# YOUR OBJECTIVE:
Everything from the line with "young woman walking" to the end of the material is to be retyped exactly, both ends included, and nothing else.

INFORMATION SUPPLIED Block Start

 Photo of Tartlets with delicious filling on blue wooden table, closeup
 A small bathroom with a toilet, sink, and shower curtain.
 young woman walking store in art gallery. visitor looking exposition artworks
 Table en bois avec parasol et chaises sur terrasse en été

INFORMATION SUPPLIED Block End

# OUTPUT FOR THIS TASK:
 young woman walking store in art gallery. visitor looking exposition artworks
 Table en bois avec parasol et chaises sur terrasse en été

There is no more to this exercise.